So we need to disable multivalue returns for JS invoke wrappers and
functions called by them. I think we have three ways to do that:

  1. Make a set and add all functions that are invoked by JS invoke
    wrappers in LowerEmscriptenEHSjLj and pass it to the backend using a
    auxiliary data structure. We have a precedent of this kind of
    structure already, which is used for Wasm EH:
    https://github.com/llvm/llvm-project/blob/main/llvm/include/llvm/CodeGen/WasmEHFuncInfo.h
    We can even add this set to WasmEHFuncInfo maybe, given that this
    is also a way of handling exceptions in Wasm.

    • Pros: Most precise
    • Cons: Auxiliary structure needed
  2. Unless we record the invoked functions in LowerEmscriptenEHSjLj like
    1, we don't have a way of precisely knowing the set of invoked
    functions. But they are all indirectly invoked, so in the backend we
    can check whether a given function is ever indirectly used (i.e., its
    pointer taken) by traversing its users() in the IR and if it is,
    we don't allow multivalue returns for them.

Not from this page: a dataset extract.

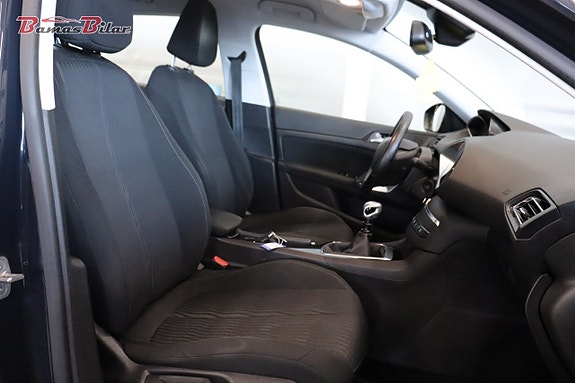Peugeot 308 16 of 21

    • Pros: No auxiliary structure
    • Cons: IR checking overhead. More conservative than 1.
  3. Disallow all multivalue returns when Emscripten EH or SjLj is
    enabled.

    • Pros: Simplest
    • Cons: Most conservative.

This PR is doing 3. While it is the most conservative and possibly
disallowing multivalue returns from more functions than needed, I chose
this because it is the simplest, and given that hopefully more people
will adopt Wasm EH going forward, I don't think there will be many
people who would use multivalue and Emscripten EH/SjLj together and want
the whatever performance benefit that multivalue return can bring, given
that Emscripten EH/SjLj has already a huge performance cost.

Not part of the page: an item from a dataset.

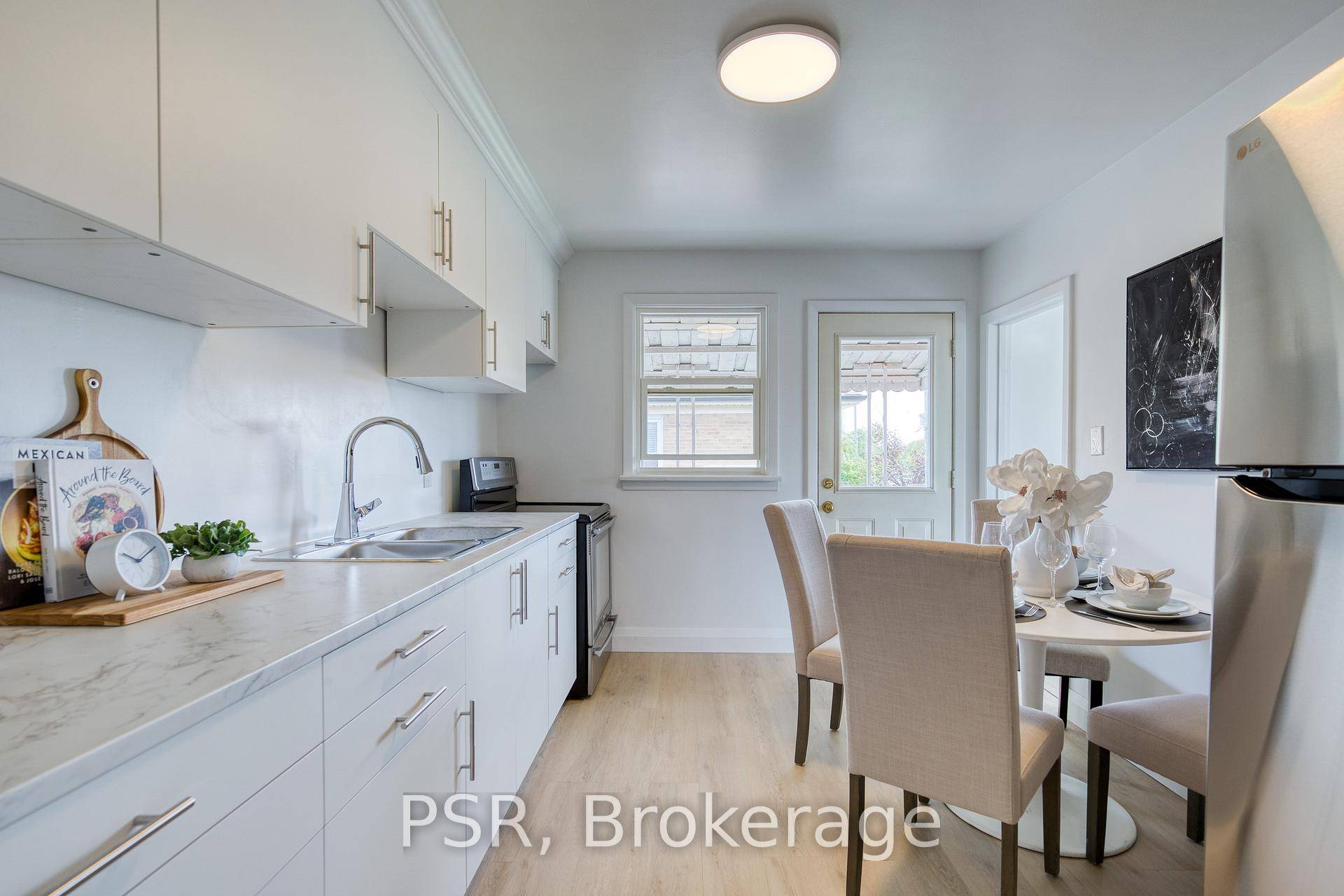 Investor Alert ! Triplex with Development Potential !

This is separate from whether we should make the multivalue return
dependent on the multivalue feature or something else like a clang flag,
which is being partly discussed in
WebAssembly/tool-conventions#223.
Whichever way we decide on that front, we still need to disable
multivalue returns in case Emscripten EH/SjLj is used.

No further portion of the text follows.